Good....now we are all the wiser...
Nice find Peter...
Tony
The last surviving and complete Vickers Vanguard....."Superb"
Techy111 wrote:
Einstein@Home is a distributed computing project hosted by the University of Wisconsin–Milwaukee and the Max Planck Institute for Gravitational Physics (Albert Einstein Institute, Hannover, Germany) running on the Berkeley Open Infrastructure for Network Computing (BOINC) software platform. It searches through gravitational-wave data from the LIGO experiment for evidence of gravitational waves from continuous wave sources, which may include pulsars. It also searches radio telescope data from the Arecibo Observatory. On August 12, 2010, the first discovery of a previously undetected radio pulsar J2007+2722 via Einstein@Home, in data from the Arecibo Observatory, was published in Science.

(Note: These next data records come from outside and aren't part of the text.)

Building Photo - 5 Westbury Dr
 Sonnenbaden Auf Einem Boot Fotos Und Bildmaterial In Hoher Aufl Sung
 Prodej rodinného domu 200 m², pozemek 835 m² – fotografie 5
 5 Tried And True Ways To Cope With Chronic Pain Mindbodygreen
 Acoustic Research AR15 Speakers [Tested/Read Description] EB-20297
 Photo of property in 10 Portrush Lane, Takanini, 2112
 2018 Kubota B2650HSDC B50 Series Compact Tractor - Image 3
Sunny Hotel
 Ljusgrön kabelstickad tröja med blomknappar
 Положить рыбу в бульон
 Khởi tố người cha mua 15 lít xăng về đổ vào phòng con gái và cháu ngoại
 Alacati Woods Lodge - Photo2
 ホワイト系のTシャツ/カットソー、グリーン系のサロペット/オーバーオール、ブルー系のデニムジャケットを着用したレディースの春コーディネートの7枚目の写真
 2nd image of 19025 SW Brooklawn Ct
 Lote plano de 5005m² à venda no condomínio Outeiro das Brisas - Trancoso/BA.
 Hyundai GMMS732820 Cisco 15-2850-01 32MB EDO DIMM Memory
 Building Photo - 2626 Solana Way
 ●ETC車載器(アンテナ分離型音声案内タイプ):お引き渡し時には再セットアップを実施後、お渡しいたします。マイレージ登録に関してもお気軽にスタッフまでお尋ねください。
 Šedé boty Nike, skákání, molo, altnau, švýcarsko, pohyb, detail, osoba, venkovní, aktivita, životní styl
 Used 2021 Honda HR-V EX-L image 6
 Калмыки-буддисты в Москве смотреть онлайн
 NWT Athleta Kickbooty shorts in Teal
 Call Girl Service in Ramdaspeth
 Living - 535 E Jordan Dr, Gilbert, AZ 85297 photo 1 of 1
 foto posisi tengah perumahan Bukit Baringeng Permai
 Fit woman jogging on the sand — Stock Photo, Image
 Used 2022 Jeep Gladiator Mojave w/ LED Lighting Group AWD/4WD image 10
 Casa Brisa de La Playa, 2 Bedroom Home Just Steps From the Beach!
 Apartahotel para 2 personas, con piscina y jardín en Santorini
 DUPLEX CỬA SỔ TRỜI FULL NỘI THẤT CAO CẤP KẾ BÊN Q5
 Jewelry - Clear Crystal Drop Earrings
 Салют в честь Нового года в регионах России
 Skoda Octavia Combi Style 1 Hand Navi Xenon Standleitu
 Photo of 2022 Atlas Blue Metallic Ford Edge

Exactly what I thought Tony
Garry
"In the world of virtual reality things are not always what they seem."
Techy111 wrote:
Einstein@Home is a distributed computing project hosted by the University of Wisconsin–Milwaukee and the Max Planck Institute for Gravitational Physics (Albert Einstein Institute, Hannover, Germany) running on the Berkeley Open Infrastructure for Network Computing (BOINC) software platform. It searches through gravitational-wave data from the LIGO experiment for evidence of gravitational waves from continuous wave sources, which may include pulsars. It also searches radio telescope data from the Arecibo Observatory. On August 12, 2010, the first discovery of a previously undetected radio pulsar J2007+2722 via Einstein@Home, in data from the Arecibo Observatory, was published in Science.
Exactly what I thought Tony
I agree with Garry.
Graham
The early bird gets the worm, but the second mouse gets the cheese.